| PROBLEM TO WORK ON |
Below are entries; repeat exactly, and nothing else, the lines from the one holding "May include: A" through the one holding "Chilli Paneer, a", inclusive. Leave the pictures out.

Short web captions:
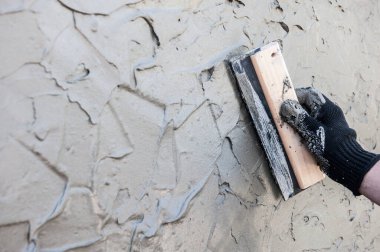 Dekoratif alçı kaplama, usta Venedik sıvasının dokusunu malayla yapıyor, yüzü yok.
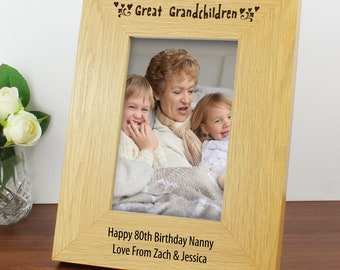 May include: A light-colored wooden picture frame with the words "Great Grandchildren" at the top. The frame holds a photo of a woman and two children. The bottom of the frame reads "Happy 80th Birthday Nanny Love From Zach & Jessica."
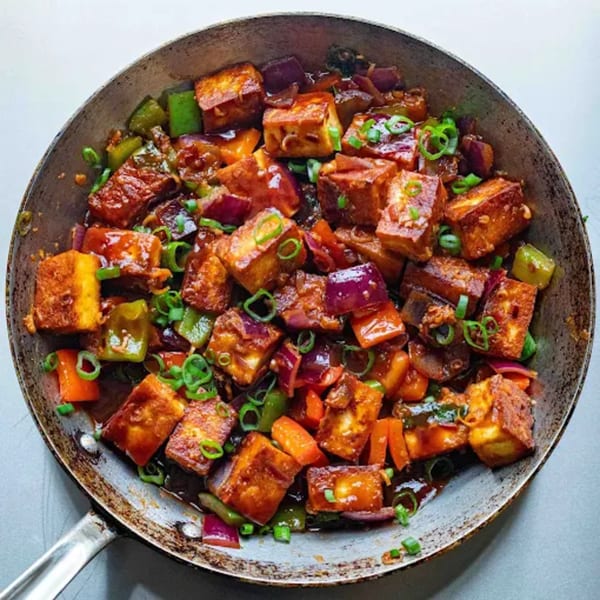 Chilli Paneer, a popular Indian dish, with paneer, bell peppers, and onions in a rich sauce.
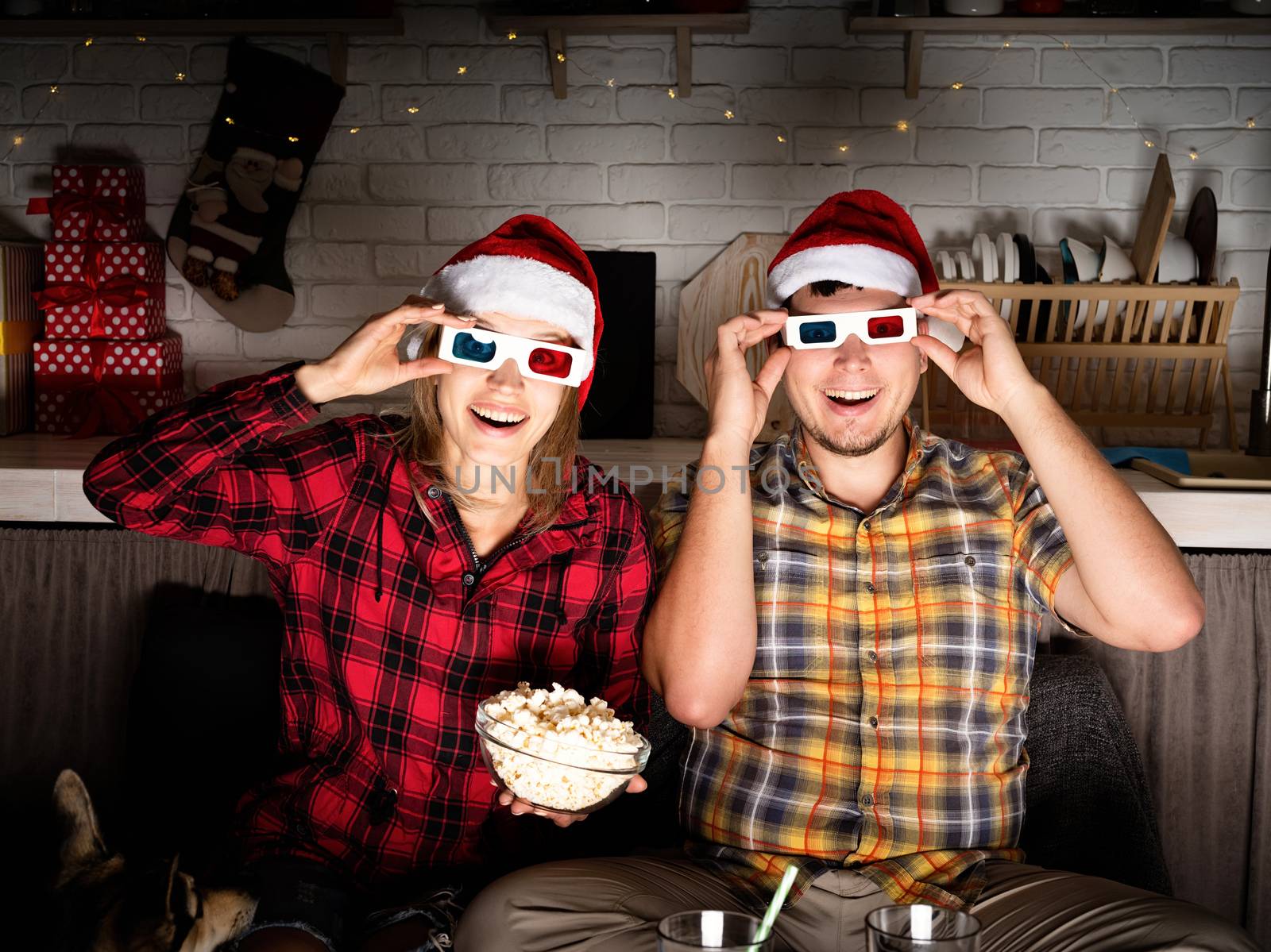 Young couple in 3D glasses watching movies at home at christmas by Desperada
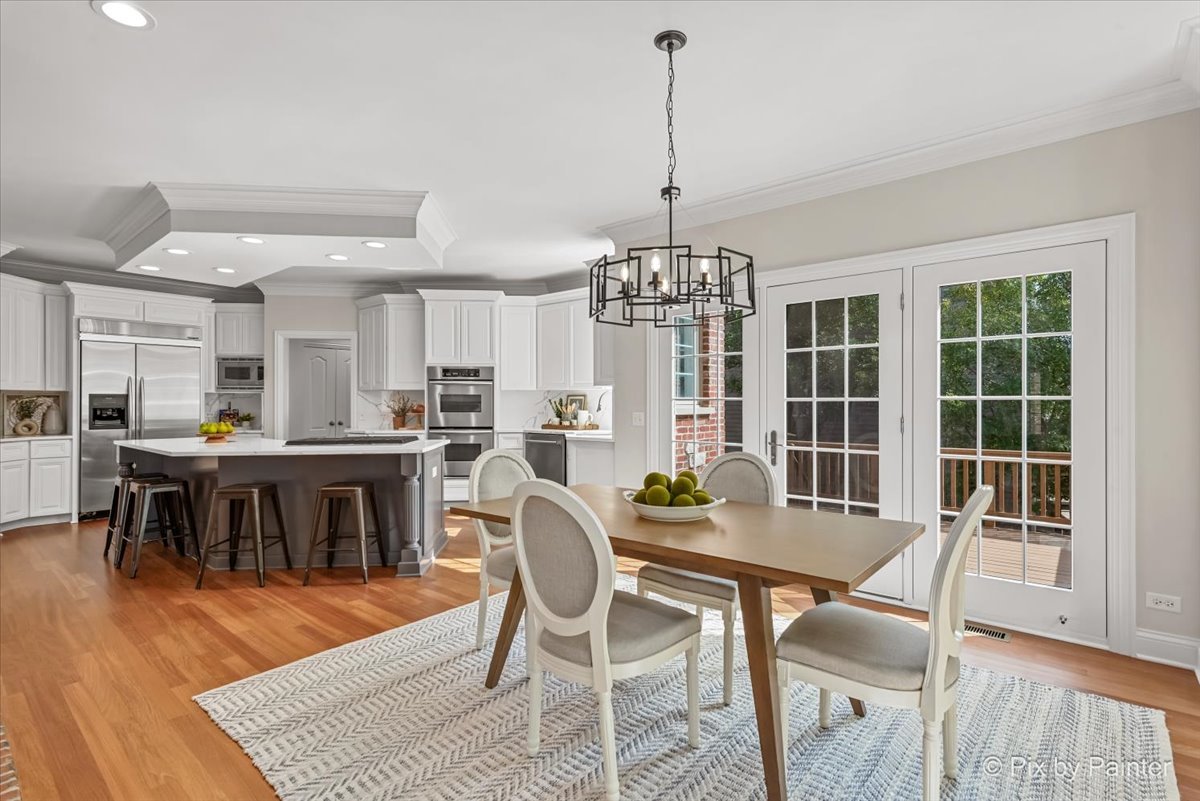 39W599 Walt Whitman Road St. Charles, IL 60175 - Photo 15 of 74 a view of a dining room with furniture window and wooden floor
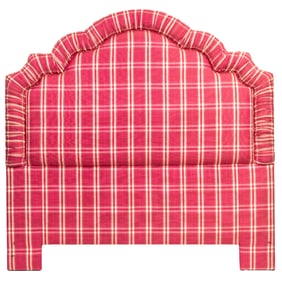 A pink plaid upholstered headboard with various bedding and curtain panels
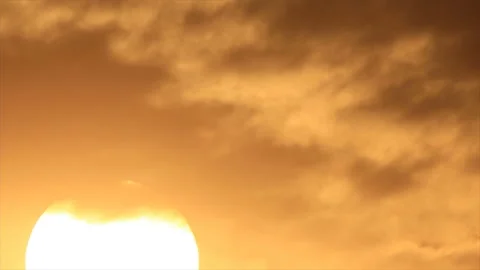 Rising sun move through dark clouds to cloudless sky Stock Footage 155448335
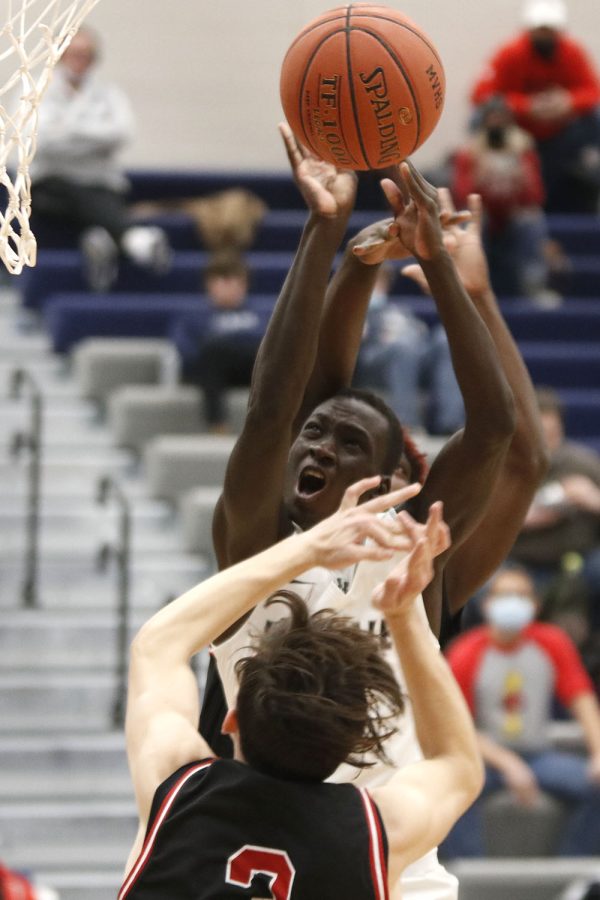 Junior Nen Matlock jumps through two defenders to get the ball in the hoop. He ended the game with 11 points, but the team had an unfortunate loss of 51-69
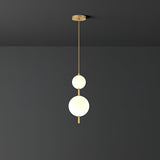 Modern Vertical Glass Globe Pendant Light in Black and Brass Finishes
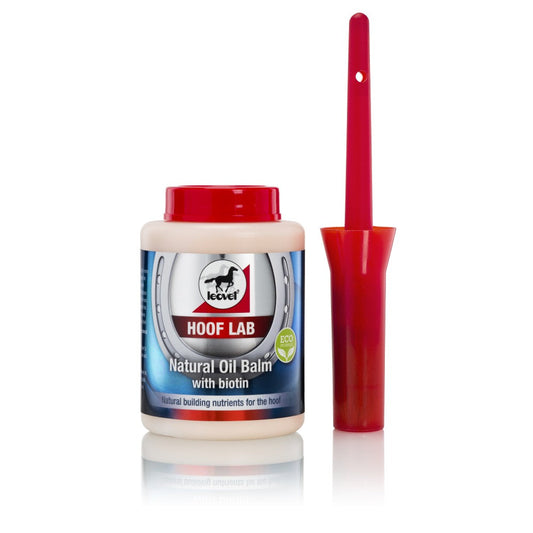 A container of HOOF LAB Natural Oil Balm with biotin, alongside a red application brush, against a white background.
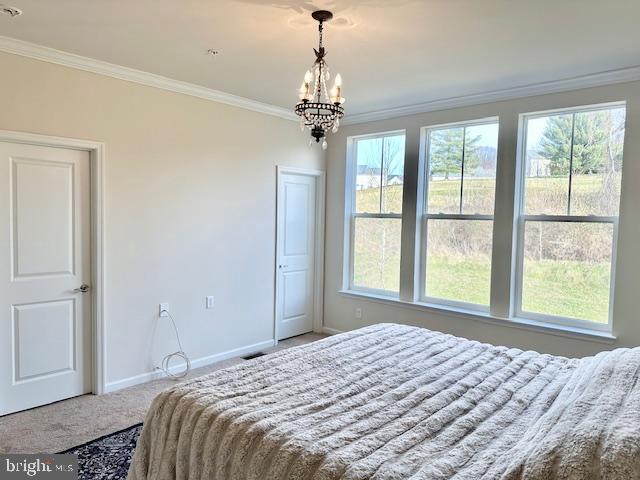 carpeted bedroom featuring crown molding and a chandelier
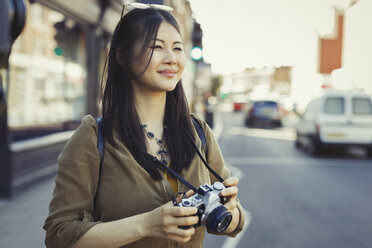 Lächelnde junge Touristin beim Fotografieren mit der Kamera auf einer städtischen Straße - CAIF05256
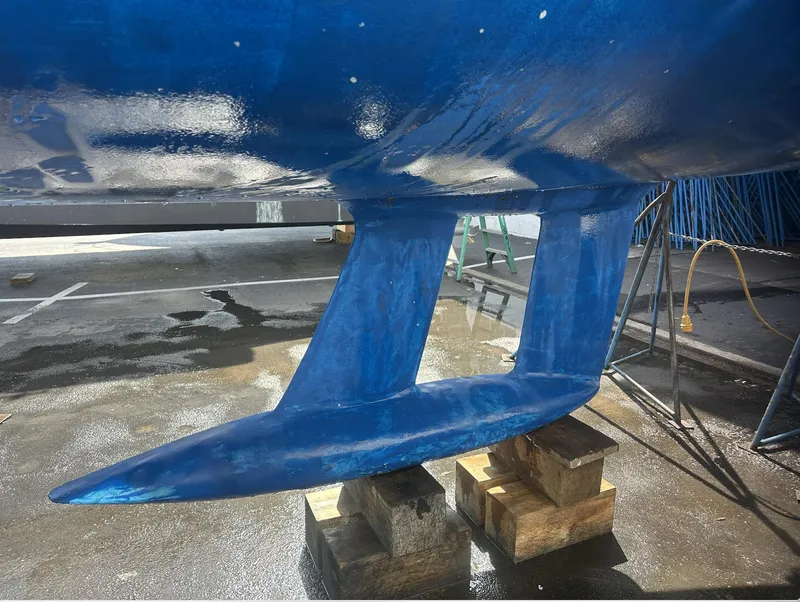 Slide: The Image of Blue keel of a 2007 Bavaria 30 Cruiser sailboat on wooden blocks. - 5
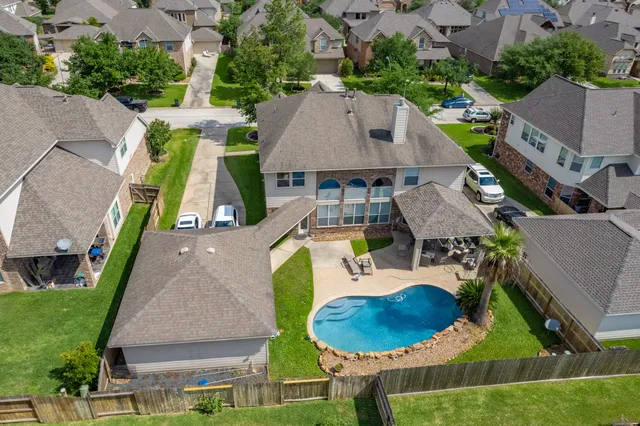 an aerial view of a house with garden space and pool view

| EXERCISE OUTPUT |
 May include: A light-colored wooden picture frame with the words "Great Grandchildren" at the top. The frame holds a photo of a woman and two children. The bottom of the frame reads "Happy 80th Birthday Nanny Love From Zach & Jessica."
 Chilli Paneer, a popular Indian dish, with paneer, bell peppers, and onions in a rich sauce.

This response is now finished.